Au cours de ces dernières années, certains romanciers et écrivains tunisiens ont tenté d’écrire leurs œuvres autrement, c’est-à-dire dans la langue de Abdelaziz Laroui, en dialecte tunisien. Ce nouveau style ou choix d’écriture a attiré l’attention des lecteurs, universitaires et éditeurs en suscitant, d’une part, la crainte de ceux qui défendent jalousement la langue arabe littéraire, et, d’autre part, l’ouverture d’autres à une nouvelle tendance d’écriture qui émane directement de leur langage courant.
L’écriture narrative dans le dialecte tunisien a été le thème d’une rencontre organisée dans le cadre du programme culturel de la 35ème édition de la Foire internationale du livre avec la participation des deux écrivains, Dhia Bousselmi et Anis Ezzine.
Dédiée à l’homme de théâtre Taoufik Jebali, cette rencontre a été l’occasion pour les deux auteurs d’expliquer leurs choix d’écrire autrement, c’est-à-dire en dialecte tunisien qui constitue, selon eux, une langue en soi et non pas un simple dialecte.
De leurs points de vue, écrire en dialecte n’est pas une prise de position contre l’arabe littéraire mais un choix qui vise à défendre une partie de l’identité nationale. Ecrire en dialecte n’est pas du tout un refus de l’appartenance géopolitique de la Tunisie à son milieu arabe ou islamique. Il s’agit pour eux de mettre en valeur une langue vivante en perpétuelle évolution.
La preuve: la différence du lexique d’une génération à une autre et l’émergence de nouvelles expressions et la disparition d’autres, ont-ils témoigné.
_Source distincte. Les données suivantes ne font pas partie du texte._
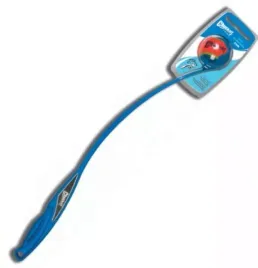 wyrzutnia-srednich-pilek-chuckit-25m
D’ailleurs, pour sa traduction du français vers le dialecte tunisien du célèbre livre “L’étranger” d’Albert Camus, Dhia Bousselmi a remporté en 2018 le prix de la fondation Rambourg de l’écriture littéraire, a rappelé l’auteur qui a également traduit la conférence du philosophe français Gilles Deleuze “Qu’est-ce que l’acte de création?” vers le dialecte.
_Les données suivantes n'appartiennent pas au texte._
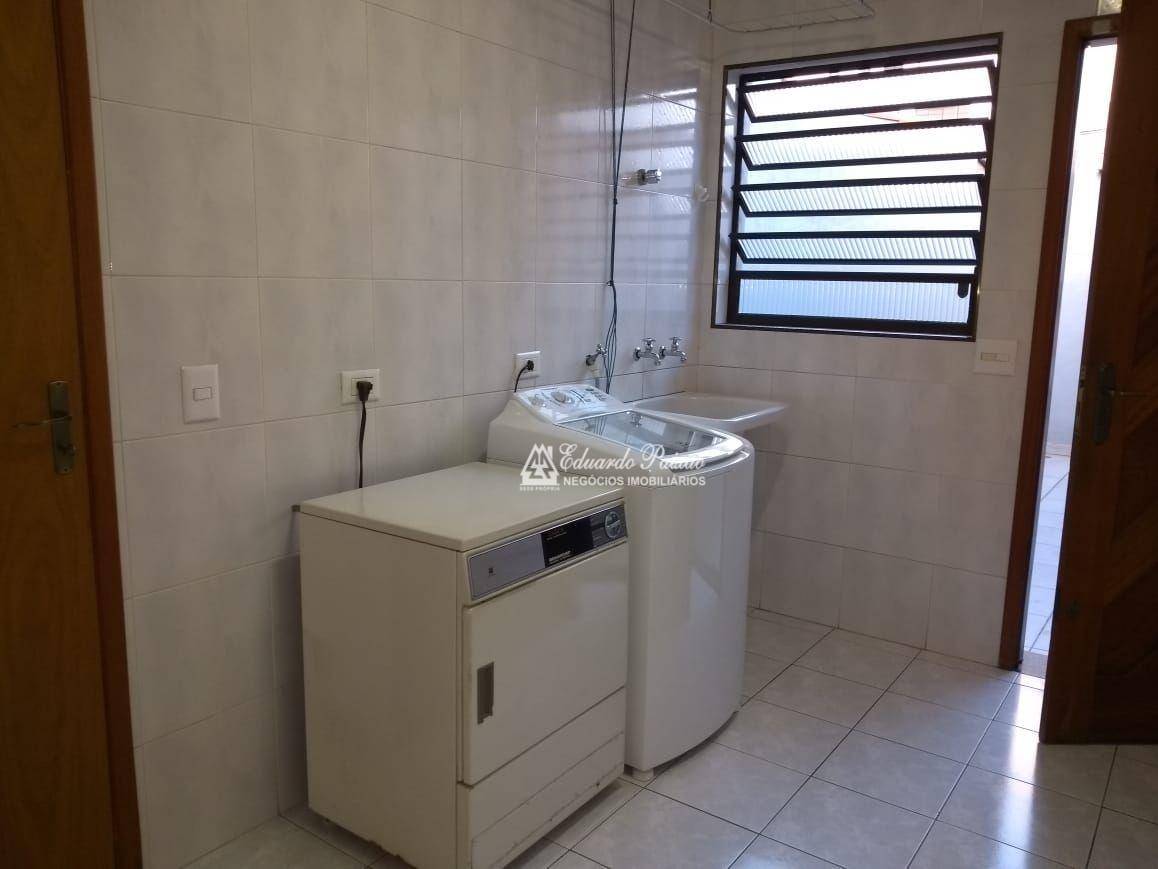 Casa à venda com 3 quartos, 305m² - Foto 32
En défendant ce choix, il s’est interrogé “quelles sont les raisons pour que la littérature ou la philosophie ne soient pas écrites en dialecte tunisien? Ceux qui critiquent ce genre d’écriture, a-t-il estimé, sont ceux qui adoptent une approche “de cloisonnement” en imprégnant la langue arabe de la notion du sacré parce que pour eux c’est la langue du coran, alors que l’écriture est un acte libre qui n’a pas de limites.
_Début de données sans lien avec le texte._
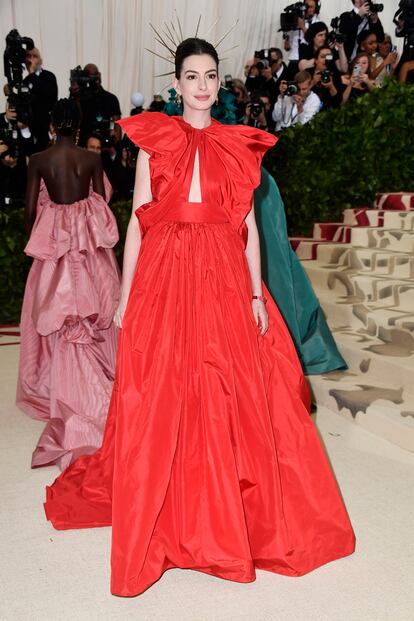 Anne Hathaway optó por una 'corona de espinas' para complementar su voluminoso diseño rojo de Valentino.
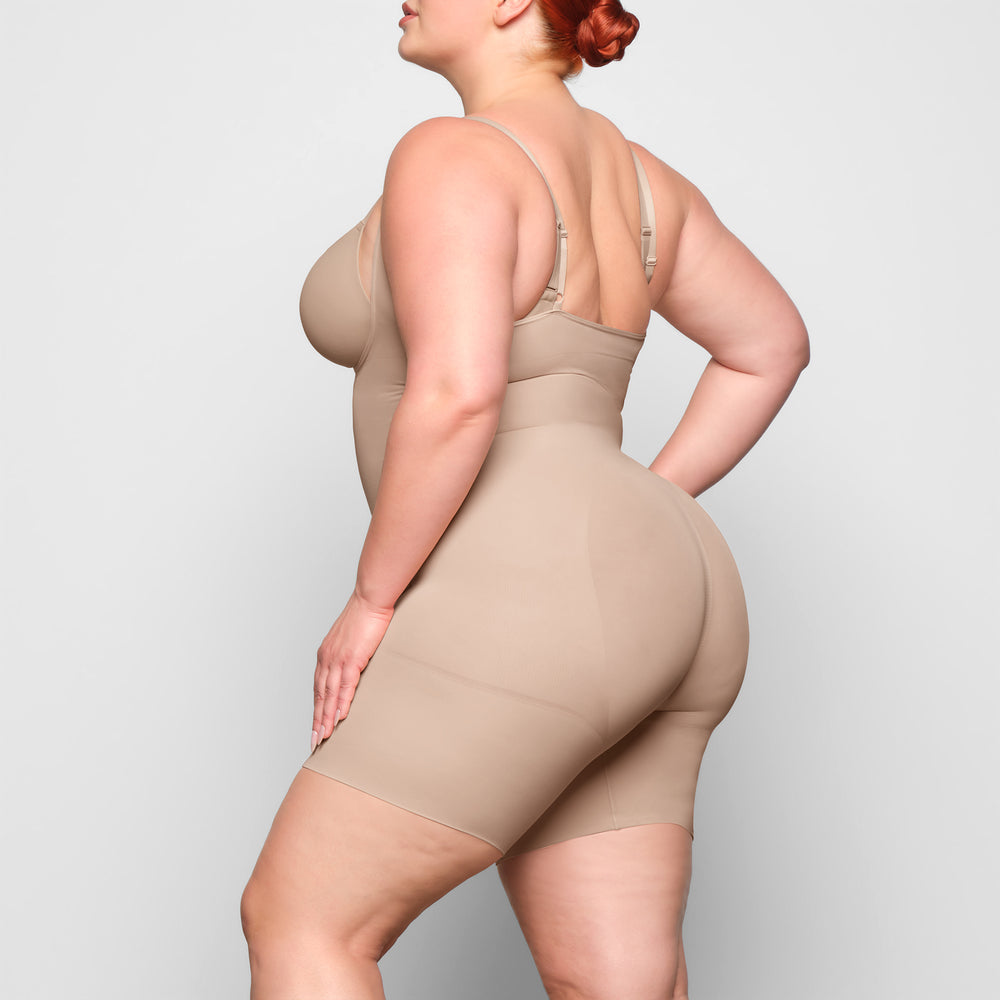 Skims BUTT ENHANCING Open Bust Bodysuit Mica | KLRW41076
En effet, l’écriture est un symbole d’ouverture. D’ailleurs, Anis Ezzine a souligné que son roman “El Fingua” a été compréhensible pour les Algériens, les Marocains, les Jordaniens et bien d’autres, niant à cet égard l’idée que l’écriture en dialecte tunisien ne soit pas compréhensible.
Et d’ajouter: “Quand j’écris en arabe, je ne mène pas de guerre contre l’arabe car l’essentiel pour moi reste toujours d’écrire tout simplement”.
L’auteur a saisi l’occasion pour lancer un appel à traiter avec l’écrit comme un texte créatif comme c’est le cas pour les autres expressions artistiques utilisant le dialecte comme le théâtre, le cinéma, la poésie, etc.
Ce qui est sûr, ont relevé les intervenants, c’est que le fait d’écrire autrement n’est pas du tout un crime. D’ailleurs, ont-ils rappelé, l’ouvrage “Eddegla fi arajinha” dont le grand Bechir Khraief a été critiqué en 1958 pour avoir utilisé le dialecte et l’arabe classique, est actuellement classé parmi les 100 romans arabes les plus considérables.
Ramzi Cherif, président de l’association “Derja” a tenu à préciser qu’il n’existe réellement pas de confits entre l’arabe et le dialecte mettant l’accent sur la présence de la culture arabe, amazigh et méditerranéenne en Tunisie. Partant de ce constat, l’écriture en dialecte ne met pas en doute toutes ces identités.
Pour d’autres, la langue arabe est la langue fédératrice alors que le dialecte change et diffère du nord au sud ce qui rend sa compréhension difficile. Un avis partagé par un grand nombre d’éditeurs qui estiment que l’écriture en dialecte constitue un vrai handicap pour la diffusion du livre tunisien et sa distribution en dehors des frontières.